Can We Really Pop a Tornado?
Okay, . . . so . . . we really cannot pop a tornadic vortice like we can pop a bubble with a needle--no matter how big the needle. We realize our marketing is misleading, but we feel strongly that it is misleading you in the direction that best fits the facts. Specifically, since all of the functional details of tornadic vortices are interdependent (their efficacy being highly dependent on one another) theoretically any interruption in any of these factors will–like pricking a bubble with a needle–result in a breakdown of a vortice’s ability to maintain the structure that underlies its persistence. In other words, it will pop!
We are confident that the ability to shut off the delivery of energetic low pressure to the location of a storm is immediately within our grasp.
It’s water, but it is not just water
We deliberately ignored the dumbed-down models of conventional meteorology and reverse engineered our way to comprehending the physics of storms. With respect to this we have a very important message to convey: It’s water, but it is not just water
The sheath of a tornadic vortice is, mostly, comprised of H2O. But it certainly is not “just” water. It is a rare and highly energized form of H2O that only occurs in the atmosphere and only in the context of wind shear. In fact it requires a constant source of wind shear; otherwise it will deteriorate rapidly. Also, be aware that this is not a hot plasma, as we see in ionic plasmas, like the flame of fire. This is a room temperature plasma.

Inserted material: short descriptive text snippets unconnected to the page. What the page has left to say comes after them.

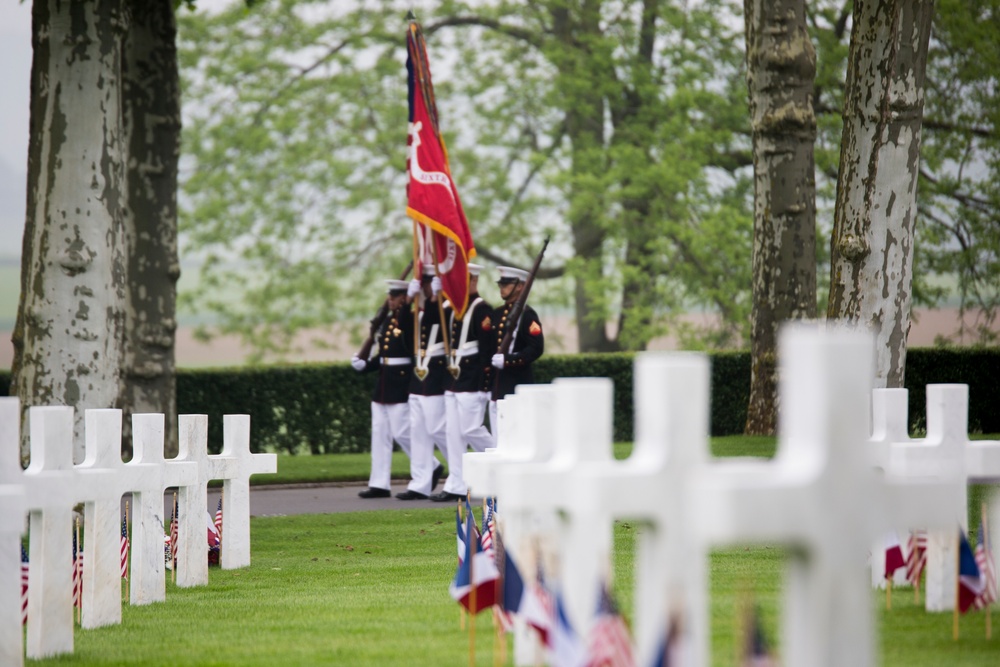 Belleau Wood Ceremony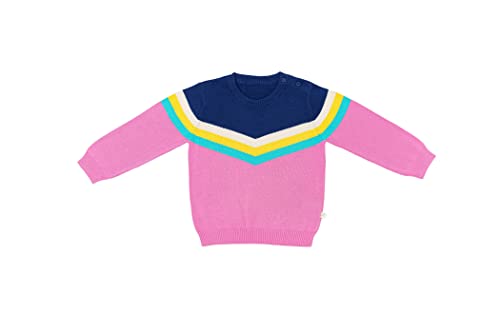 Image of Infant Boy's Cotton Blend Round Neck Sweaters (BBHAAA25 Multicolour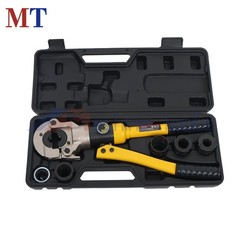 Copper Tube Fittings Crimping Tool W/ 1/2 3/4 & 1&Prime; Jaw Hydraulic Pipe Cutter
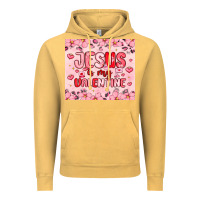 Vintage Mustard jesus is my valentine Vintage Hoodie - MaliasSmallBusiness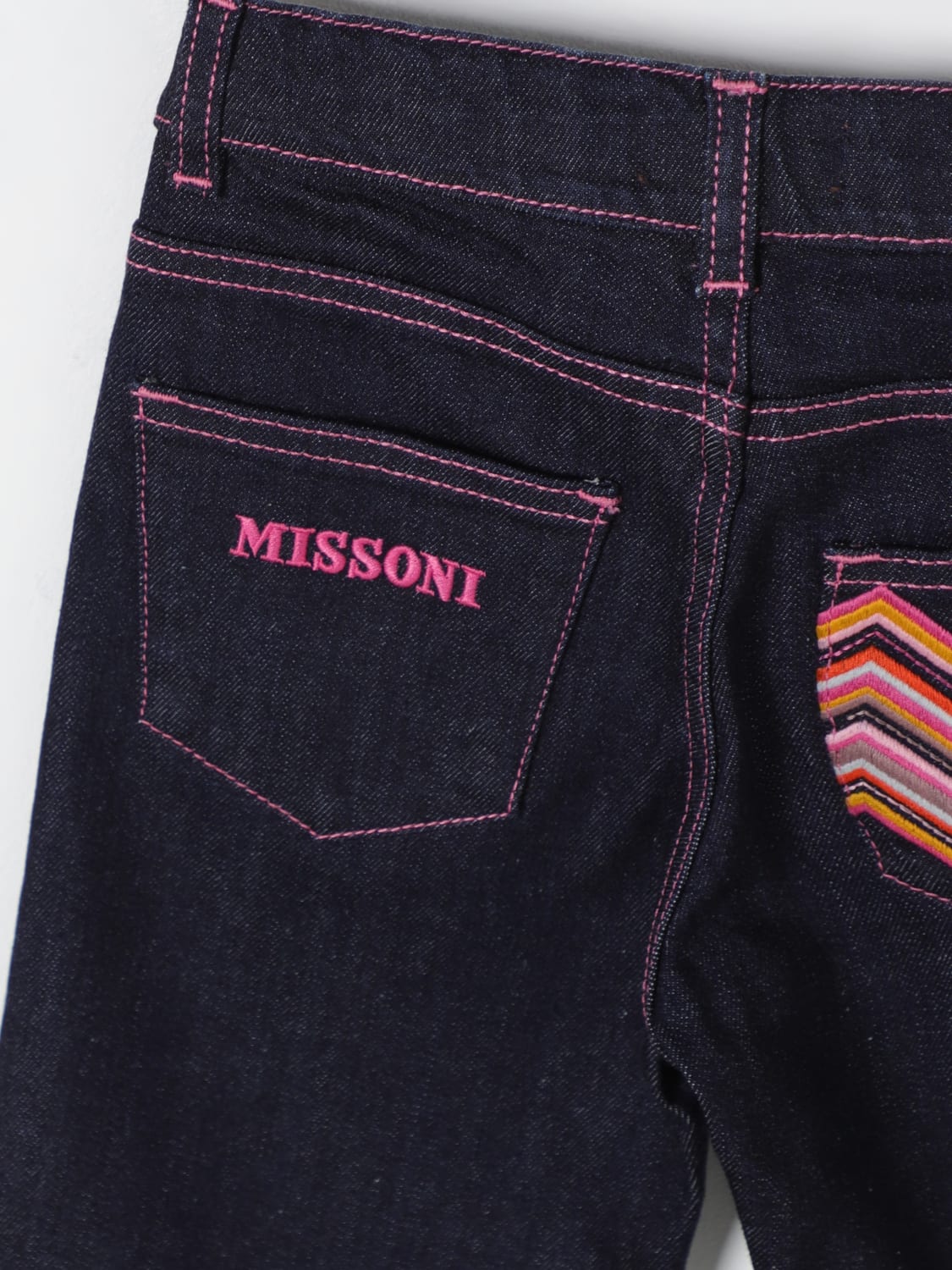 MISSONI JEANS: Hose kinder Missoni, Blau - Img 3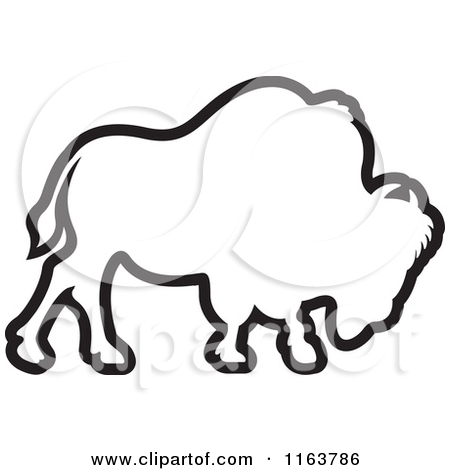 450x470 Free Bison Clipart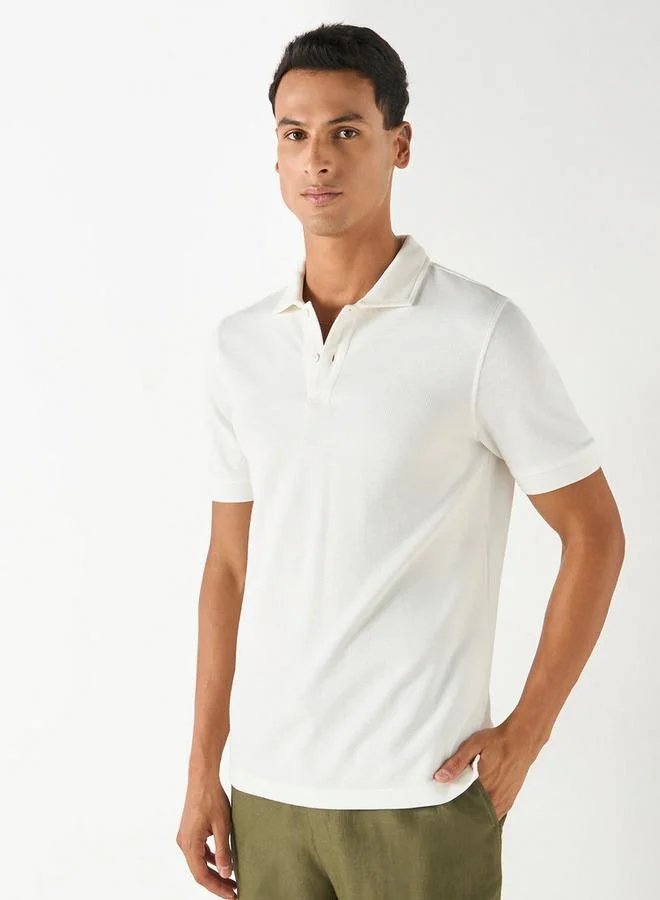 سبلاش فيڤ تيشيرت بولو بأكمام قصيرة وزر إغلاق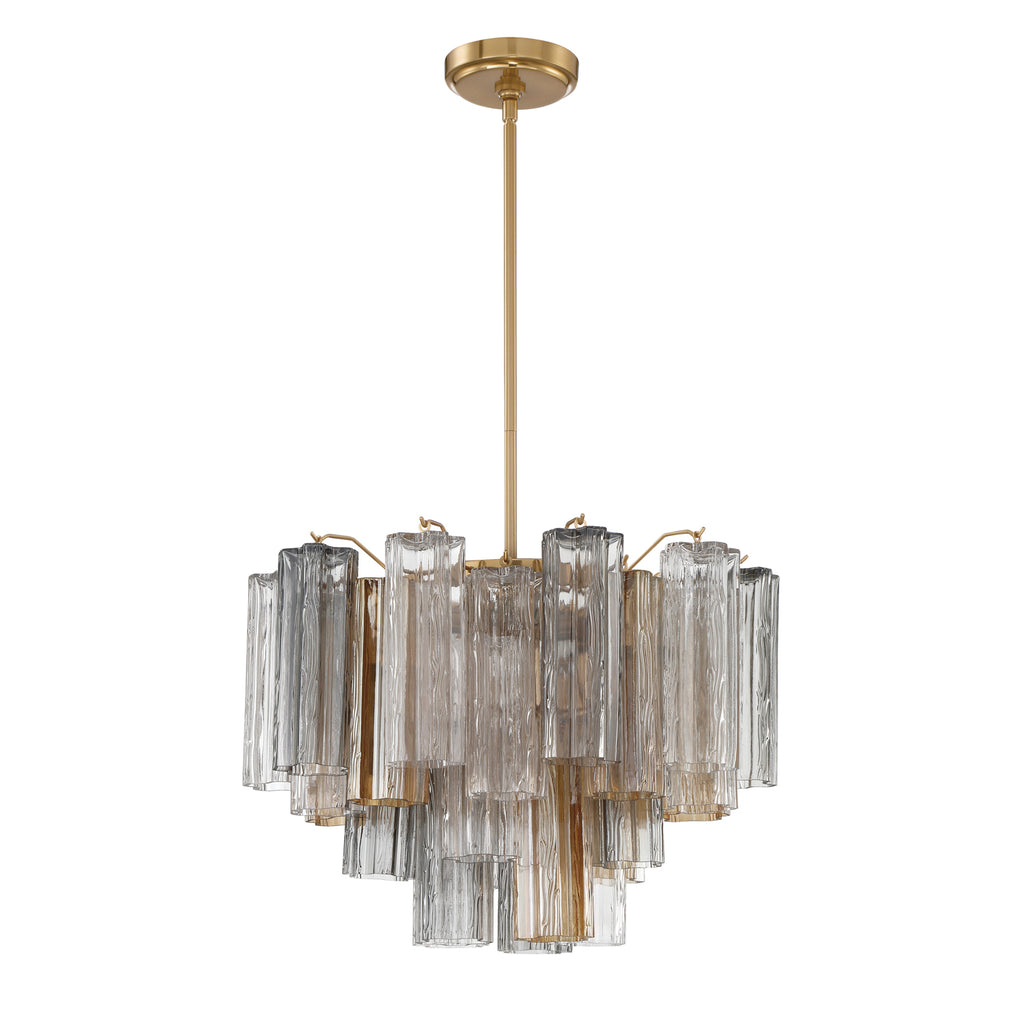 ADD-306-AG-AU Addis 6 Light Chandelier | Main Image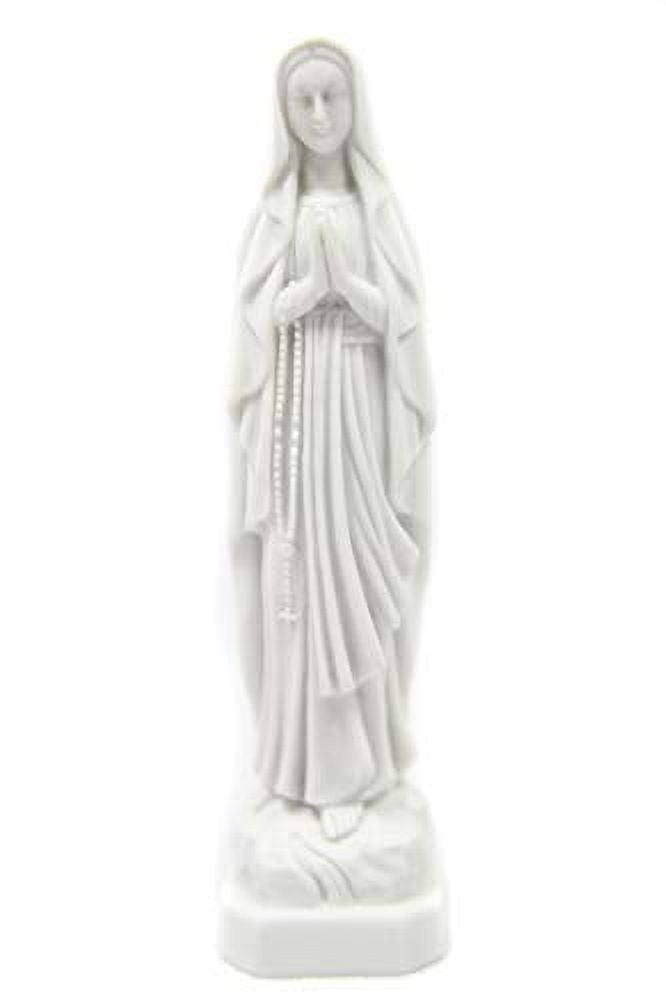 Our Lady Of Lourdes Mary Blessed Mother Italian Gift Statue Sculpture ...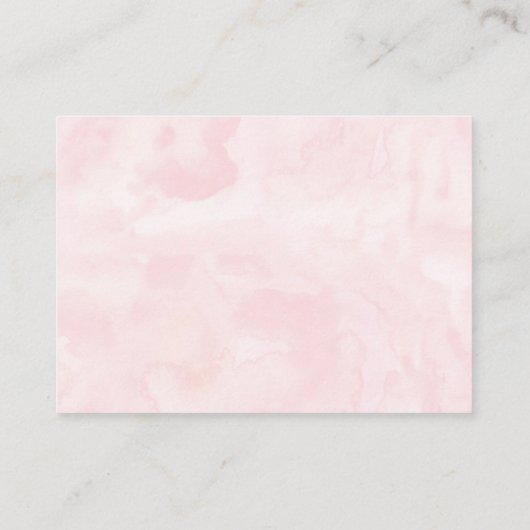 Floral Blush Gold Baby shower Diaper Raffle Informatiekaartje (Achterkant)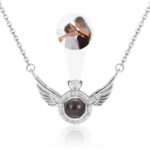 Personalized Angel Necklace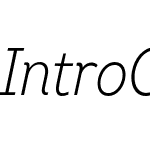 Intro Condensed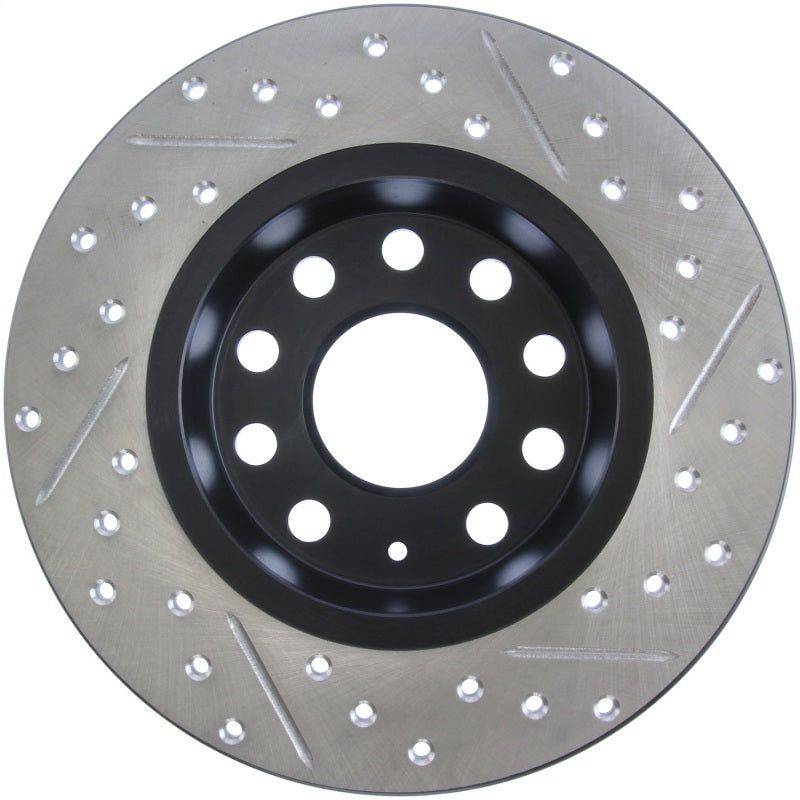 Stoptech 127.33131R - STO127.33131R - StopTech Slotted & Drilled Sport Brake Rotor - Shipped in Europe - Tuningsupply.com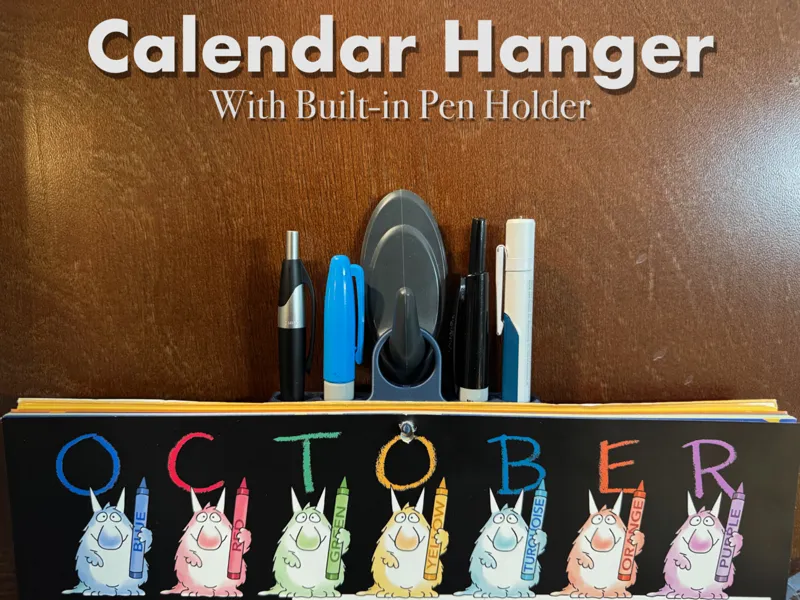 Calendar Hanger with Pen Holder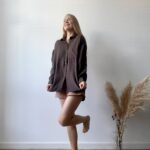 Breathable cotton muslin shirt - relaxed fit for women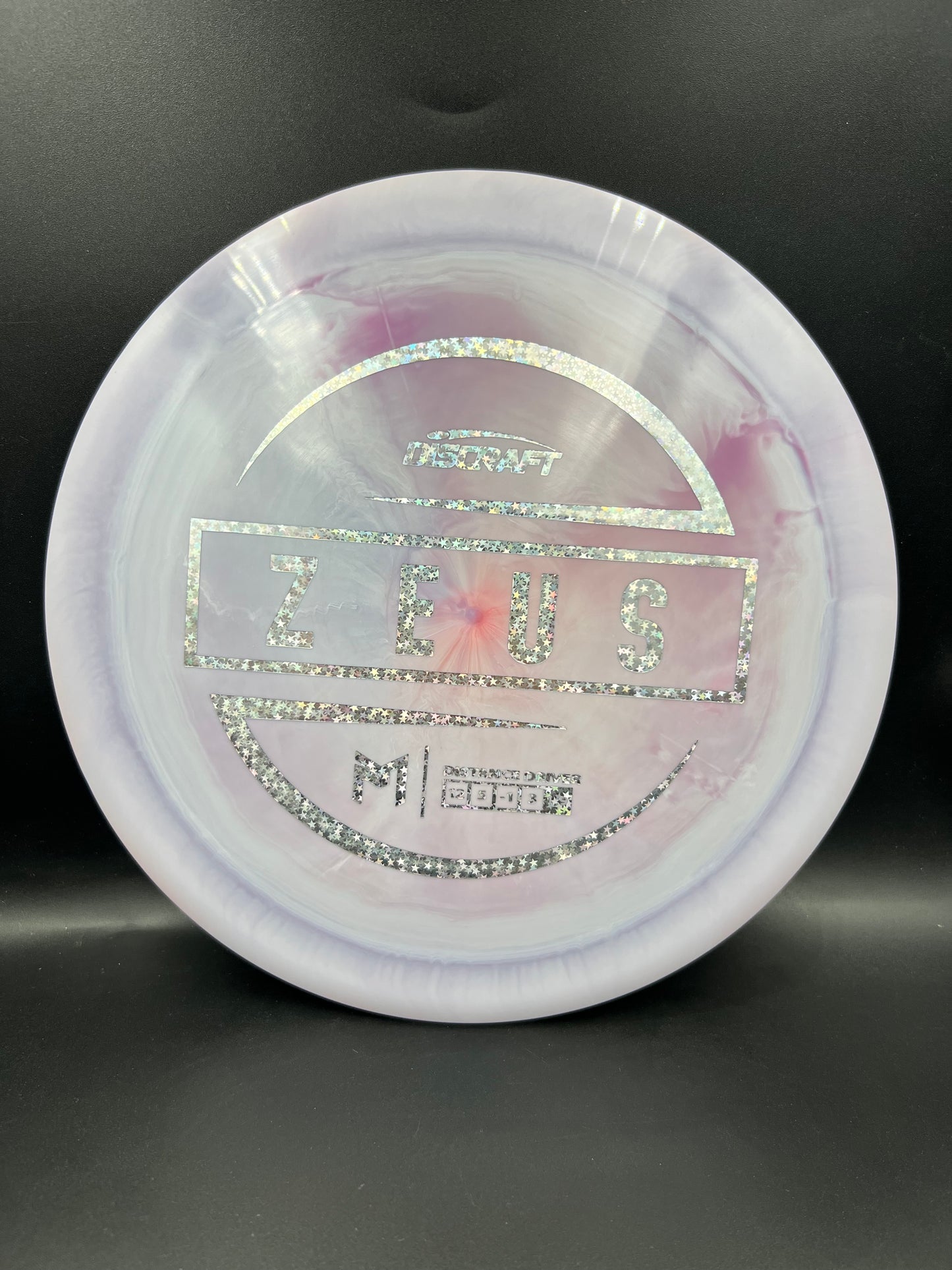 Discraft ESP Zeus Light Purple Silver Stars - 164g-166g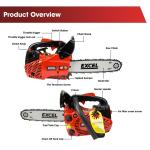 Petrol Chainsaw 25cc 12" Bar & 2 Chains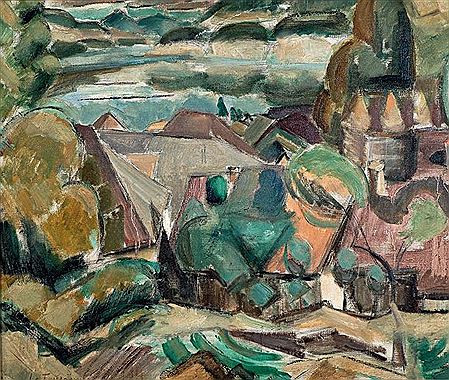 Annecy, village au bord du lac by Henri Le Fauconnier - Auction record, sale price, and art valuation. Compare with similar artists and explore comparable artworks.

How a tornadic vortice is unlike a soap bubble
So, the highly energized H2O based, surface-tension plasma of tornadic vortices is different from the more passive surface tension of a soap bubble. One characteristic of this "vortice plasma" is that it is very aggressive about enveloping the flow that is the source of the energy it needs to continue to exist. We refer to this as the persistence of vortice plasma problem. One consequence of this persistence problem being that it is more difficult to interrupt or defeat the surface-tension plasma of tornadic vortices. And then there are the difficulties of just getting to where it is, at the top of the troposphere, 7 to 12 kilometers above.
Nevertheless it is still just water
At Solving Tornadoes we maintain that it will prove to be simple, cheap, and even mundane to regularly interrupt the delivery of energetic low pressure to the location of a storm and to thereby mitigate the severity of severe weather.